Randolph John Velischek (born February 10, 1962) is a Canadian former professional ice hockey defenceman who played ten seasons in the National Hockey League from 1982–83 until 1991–92 for the Minnesota North Stars, New Jersey Devils, and Quebec Nordiques.  Randy Velischek was drafted 53rd overall by the North Stars in the 1980 NHL Entry Draft. He played 509 career NHL games, scoring 21 goals and 97 points.

He was also the head coach of the Metropolitan Riveters of the National Women's Hockey League for the 2018–19 season.

Playing career
Velischek was born in Montreal, Quebec. As a youth, he played in the 1974 and 1975 Quebec International Pee-Wee Hockey Tournaments with a minor ice hockey team from Mount Royal, Quebec. He spent his junior hockey career with the Lac St-Louis Lions of the Quebec Amateur Hockey Association and the Verdun Éperviers of the Quebec Major Junior Hockey League. After his junior career ended, Velischek played four years of college hockey for the Providence Friars from 1979 to 1983, where he majored in business and French, graduating with honors.

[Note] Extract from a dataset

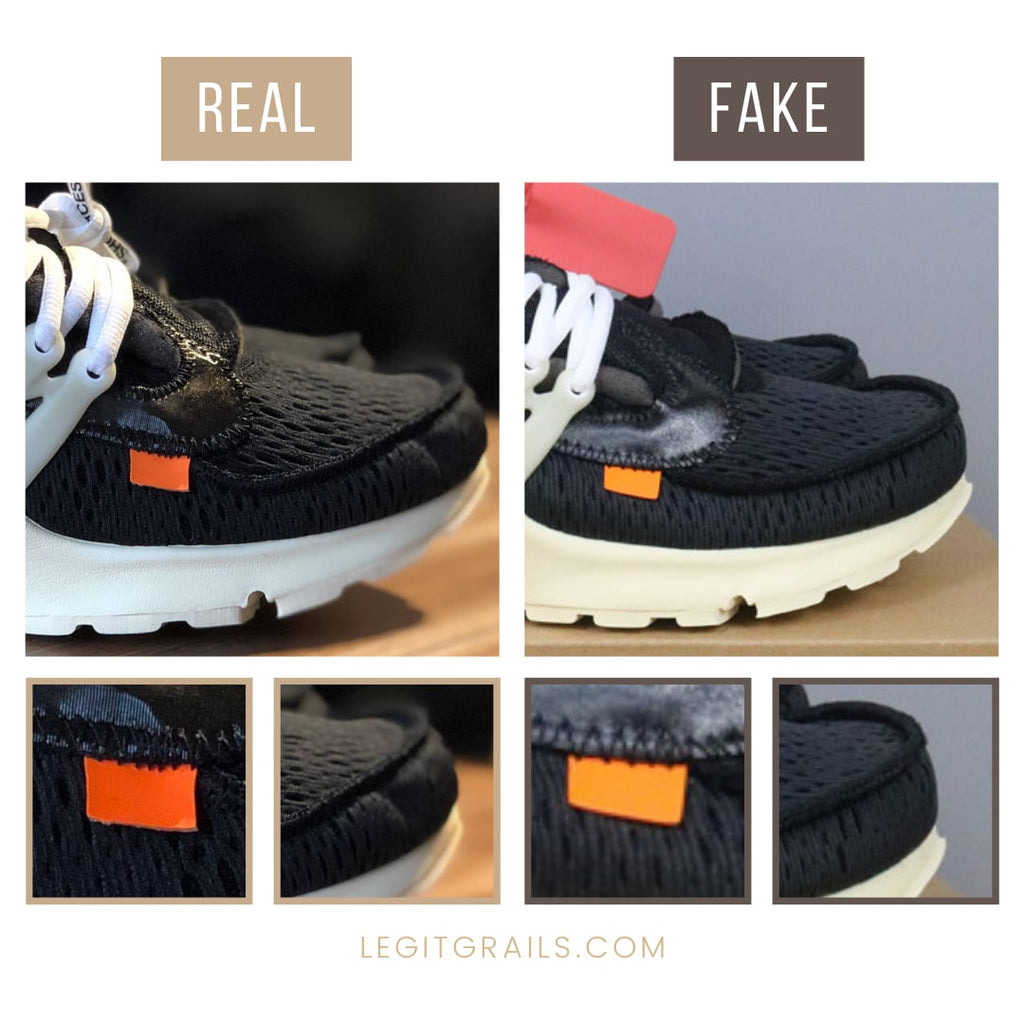 presto off white fake vs real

In addition to playing in the NHL, Velischek played professionally in the American Hockey League for the Springfield Indians, Maine Mariners, Halifax Citadels, and Cornwall Aces, the International Hockey League for the Milwaukee Admirals, the Central Hockey League for the Salt Lake Golden Eagles, and the British Hockey League for the Durham Wasps.

Life after hockey
From 1995 to 2006, Velischek served as a broadcaster for the New Jersey Devils on ABC Radio and WFAN-AM.

Beginning in 2007–08 school year, Velischek taught at the Pingry School as a German and French teacher and coached middle school ice hockey. On June 11, 2009, Velischeck was hired as the boy's high school ice hockey coach at Morristown-Beard School. Along with coaching at Morristown-Beard School, Velischek was also the hockey director at Twin Oaks Ice Rink in Morristown, New Jersey, and runs RJV Hockey School.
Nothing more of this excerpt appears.